● Task requirements
Nothing but the lines from the start of the records through the line that contains "Saloos Lantern Sleeves Midi Dress" is to be copied, and each is to be copied exactly.

──────── Data ────────

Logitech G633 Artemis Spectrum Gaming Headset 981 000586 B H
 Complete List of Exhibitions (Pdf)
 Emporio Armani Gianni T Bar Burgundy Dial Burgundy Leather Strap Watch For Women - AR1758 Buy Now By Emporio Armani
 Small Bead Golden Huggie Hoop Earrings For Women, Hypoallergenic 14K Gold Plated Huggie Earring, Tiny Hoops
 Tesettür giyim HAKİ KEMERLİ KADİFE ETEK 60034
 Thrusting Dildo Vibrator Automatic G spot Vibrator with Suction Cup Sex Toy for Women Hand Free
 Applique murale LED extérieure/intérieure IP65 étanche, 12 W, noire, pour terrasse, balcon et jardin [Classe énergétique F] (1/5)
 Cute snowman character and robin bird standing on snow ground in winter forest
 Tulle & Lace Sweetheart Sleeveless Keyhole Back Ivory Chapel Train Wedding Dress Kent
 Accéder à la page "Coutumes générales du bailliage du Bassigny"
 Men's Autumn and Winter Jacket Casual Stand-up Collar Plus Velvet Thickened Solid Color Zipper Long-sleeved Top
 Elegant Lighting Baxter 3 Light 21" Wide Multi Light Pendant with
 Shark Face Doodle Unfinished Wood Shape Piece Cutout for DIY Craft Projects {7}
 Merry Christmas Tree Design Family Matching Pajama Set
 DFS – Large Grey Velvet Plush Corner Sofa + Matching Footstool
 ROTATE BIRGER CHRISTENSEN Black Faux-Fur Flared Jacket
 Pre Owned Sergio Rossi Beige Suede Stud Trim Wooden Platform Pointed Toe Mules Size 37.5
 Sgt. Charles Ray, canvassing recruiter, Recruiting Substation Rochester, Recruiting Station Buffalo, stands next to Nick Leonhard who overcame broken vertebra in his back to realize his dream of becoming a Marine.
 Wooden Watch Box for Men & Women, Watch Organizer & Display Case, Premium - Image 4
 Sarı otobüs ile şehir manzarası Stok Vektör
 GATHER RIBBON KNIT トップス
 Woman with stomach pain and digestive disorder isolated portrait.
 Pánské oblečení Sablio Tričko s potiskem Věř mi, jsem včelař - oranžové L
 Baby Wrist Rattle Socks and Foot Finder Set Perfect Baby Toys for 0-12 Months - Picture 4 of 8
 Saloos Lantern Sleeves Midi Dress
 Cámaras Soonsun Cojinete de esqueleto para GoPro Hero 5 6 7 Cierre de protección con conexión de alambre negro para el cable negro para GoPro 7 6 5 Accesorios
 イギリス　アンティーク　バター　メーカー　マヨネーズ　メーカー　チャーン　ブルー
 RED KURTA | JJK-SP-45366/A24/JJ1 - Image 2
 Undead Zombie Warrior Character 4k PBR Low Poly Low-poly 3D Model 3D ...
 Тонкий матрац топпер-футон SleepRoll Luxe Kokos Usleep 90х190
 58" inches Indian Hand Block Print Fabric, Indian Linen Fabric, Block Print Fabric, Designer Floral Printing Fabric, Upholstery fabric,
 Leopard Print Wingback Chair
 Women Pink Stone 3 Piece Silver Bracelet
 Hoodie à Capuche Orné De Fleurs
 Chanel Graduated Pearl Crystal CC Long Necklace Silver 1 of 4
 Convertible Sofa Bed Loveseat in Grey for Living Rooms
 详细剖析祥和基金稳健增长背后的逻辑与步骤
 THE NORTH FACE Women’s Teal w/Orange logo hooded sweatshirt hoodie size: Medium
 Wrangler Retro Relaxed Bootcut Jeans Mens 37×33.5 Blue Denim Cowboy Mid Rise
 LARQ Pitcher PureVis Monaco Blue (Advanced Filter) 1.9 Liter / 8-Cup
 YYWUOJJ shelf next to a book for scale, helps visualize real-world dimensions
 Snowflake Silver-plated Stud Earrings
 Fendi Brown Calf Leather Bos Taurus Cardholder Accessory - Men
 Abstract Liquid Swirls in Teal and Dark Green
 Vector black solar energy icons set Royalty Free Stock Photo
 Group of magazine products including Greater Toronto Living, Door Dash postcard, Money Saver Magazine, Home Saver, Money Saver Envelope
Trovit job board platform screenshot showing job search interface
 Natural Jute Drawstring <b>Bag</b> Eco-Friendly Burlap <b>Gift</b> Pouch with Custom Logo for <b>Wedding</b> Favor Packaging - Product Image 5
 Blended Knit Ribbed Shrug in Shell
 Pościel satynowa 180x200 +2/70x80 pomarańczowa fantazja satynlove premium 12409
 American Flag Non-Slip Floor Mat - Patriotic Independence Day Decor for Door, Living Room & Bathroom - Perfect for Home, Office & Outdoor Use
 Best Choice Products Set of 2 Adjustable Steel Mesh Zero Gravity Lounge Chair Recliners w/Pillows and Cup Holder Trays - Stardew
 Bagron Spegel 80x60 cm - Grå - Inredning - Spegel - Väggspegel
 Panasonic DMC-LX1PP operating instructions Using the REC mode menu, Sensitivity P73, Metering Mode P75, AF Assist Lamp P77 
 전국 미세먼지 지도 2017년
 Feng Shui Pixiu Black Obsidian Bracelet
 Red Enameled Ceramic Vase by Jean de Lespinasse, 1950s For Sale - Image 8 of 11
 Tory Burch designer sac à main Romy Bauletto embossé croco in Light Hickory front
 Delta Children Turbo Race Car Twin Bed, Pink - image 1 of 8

────────

● Exercise result
Logitech G633 Artemis Spectrum Gaming Headset 981 000586 B H
 Complete List of Exhibitions (Pdf)
 Emporio Armani Gianni T Bar Burgundy Dial Burgundy Leather Strap Watch For Women - AR1758 Buy Now By Emporio Armani
 Small Bead Golden Huggie Hoop Earrings For Women, Hypoallergenic 14K Gold Plated Huggie Earring, Tiny Hoops
 Tesettür giyim HAKİ KEMERLİ KADİFE ETEK 60034
 Thrusting Dildo Vibrator Automatic G spot Vibrator with Suction Cup Sex Toy for Women Hand Free
 Applique murale LED extérieure/intérieure IP65 étanche, 12 W, noire, pour terrasse, balcon et jardin [Classe énergétique F] (1/5)
 Cute snowman character and robin bird standing on snow ground in winter forest
 Tulle & Lace Sweetheart Sleeveless Keyhole Back Ivory Chapel Train Wedding Dress Kent
 Accéder à la page "Coutumes générales du bailliage du Bassigny"
 Men's Autumn and Winter Jacket Casual Stand-up Collar Plus Velvet Thickened Solid Color Zipper Long-sleeved Top
 Elegant Lighting Baxter 3 Light 21" Wide Multi Light Pendant with
 Shark Face Doodle Unfinished Wood Shape Piece Cutout for DIY Craft Projects {7}
 Merry Christmas Tree Design Family Matching Pajama Set
 DFS – Large Grey Velvet Plush Corner Sofa + Matching Footstool
 ROTATE BIRGER CHRISTENSEN Black Faux-Fur Flared Jacket
 Pre Owned Sergio Rossi Beige Suede Stud Trim Wooden Platform Pointed Toe Mules Size 37.5
 Sgt. Charles Ray, canvassing recruiter, Recruiting Substation Rochester, Recruiting Station Buffalo, stands next to Nick Leonhard who overcame broken vertebra in his back to realize his dream of becoming a Marine.
 Wooden Watch Box for Men & Women, Watch Organizer & Display Case, Premium - Image 4
 Sarı otobüs ile şehir manzarası Stok Vektör
 GATHER RIBBON KNIT トップス
 Woman with stomach pain and digestive disorder isolated portrait.
 Pánské oblečení Sablio Tričko s potiskem Věř mi, jsem včelař - oranžové L
 Baby Wrist Rattle Socks and Foot Finder Set Perfect Baby Toys for 0-12 Months - Picture 4 of 8
 Saloos Lantern Sleeves Midi Dress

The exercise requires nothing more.